Hieruit kan vaststaan, wat onder de opening van de baarmoeder in de geestelijke zin wordt verstaan.
De engelen, die alleen in geestelijke ideeën zijn, verstaan niets anders daaronder.
Wat de baarmoeder is en ook wat in de baarmoeder zijn en van de baarmoeder uitgaan, zie de nrs. 3293, 3294, 3967, 4904, 4918, 4931, 5052, 5054, 6433.
Omdat met de baarmoeder die dingen worden aangeduid, wordt daarom de Heer in het Woord de Formeerder van de baarmoeder af genoemd, dat wil zeggen, de Wederverwekker, zoals bij Jesaja: ‘Zo zei Jehovah, uw Maker en uw Formeerder van de baarmoeder af; Hij helpt u: Vrees niet, o Mijn knecht Jakob en Jesjurun, die Ik uitverkoren heb; omdat Ik water zal uitgieten op het dorstende en beken op het droge; Ik zal Mijn geest uitgieten op uw zaad en zegen op uw geborenen’, (Jesaja 44:2,3).
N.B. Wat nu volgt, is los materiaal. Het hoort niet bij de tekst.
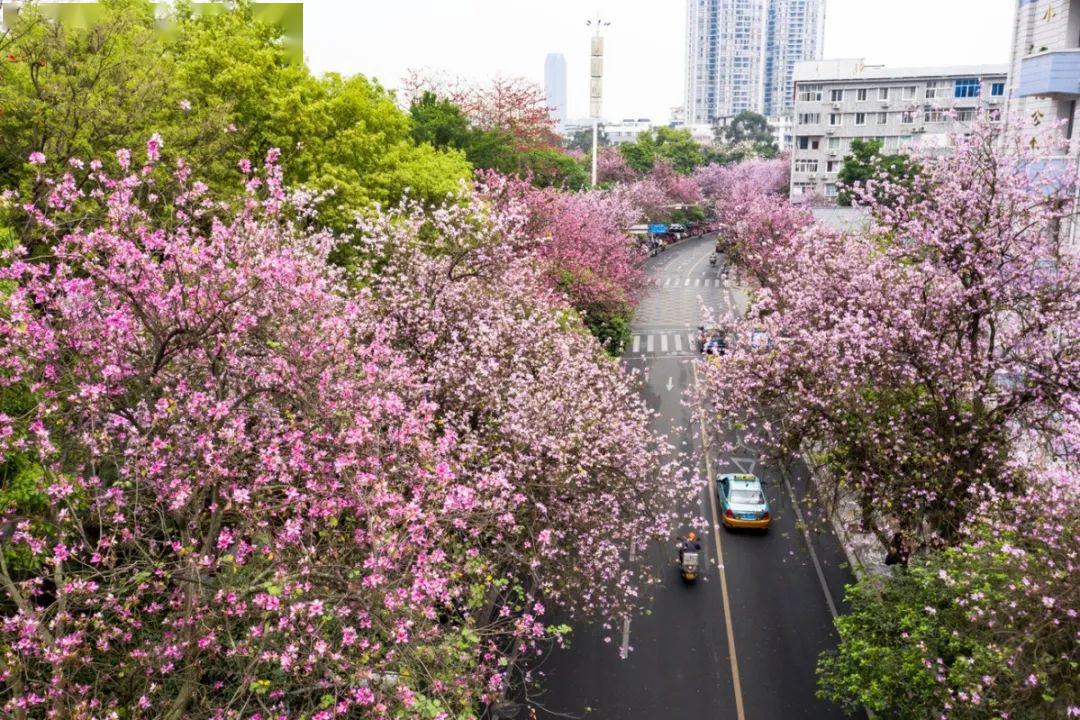 柳州被外文网站称为"仙境"!"紫荆花城"获世界关注!(视频)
De Heer wordt Maker en Formeerder van de baarmoeder af genoemd, omdat Hij de mens wederverwekt en van natuurlijk geestelijk maakt.
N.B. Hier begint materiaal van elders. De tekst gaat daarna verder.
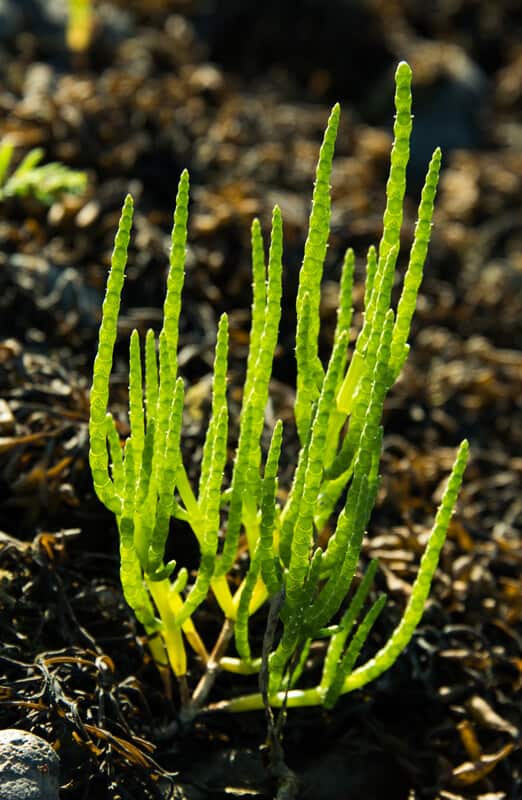 Saltmarsh plants Field Studies Council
Omdat de wederverwekking plaatsvindt door het ware en het goede, wordt daarom gezegd, dat Hij water zal uitgieten op de dorstende en de geest op diens zaad; met het water immers wordt het ware aangeduid, dat van het geloof is, nrs. 2702, 3058, 3424, 4976, 5668, 7307 en met de geest het goede, dat van de naastenliefde is; eender als met het water bij Johannes: ‘Jezus zei tot Nicodemus: Voorwaar, voorwaar zeg Ik u: Tenzij dat iemand opnieuw wordt verwekt, hij kan het koninkrijk Gods niet zien. Nicodemus zei tot Hem: Hoe kan een mens verwekt worden wanneer hij oud is; kan hij ook andermaal in de baarmoeder van zijn moeder komen. Jezus antwoordde: Voorwaar, voorwaar zeg Ik u: Zo iemand niet verwekt zal zijn geweest uit water en geest, hij kan in het koninkrijk Gods niet ingaan. Hetgeen geboren is uit vlees, is vlees, maar hetgeen verwekt is uit de geest, is geest. Zijt gij een meester in Israël en kent gij dit niet?’, (Johannes 3:3-6, 10).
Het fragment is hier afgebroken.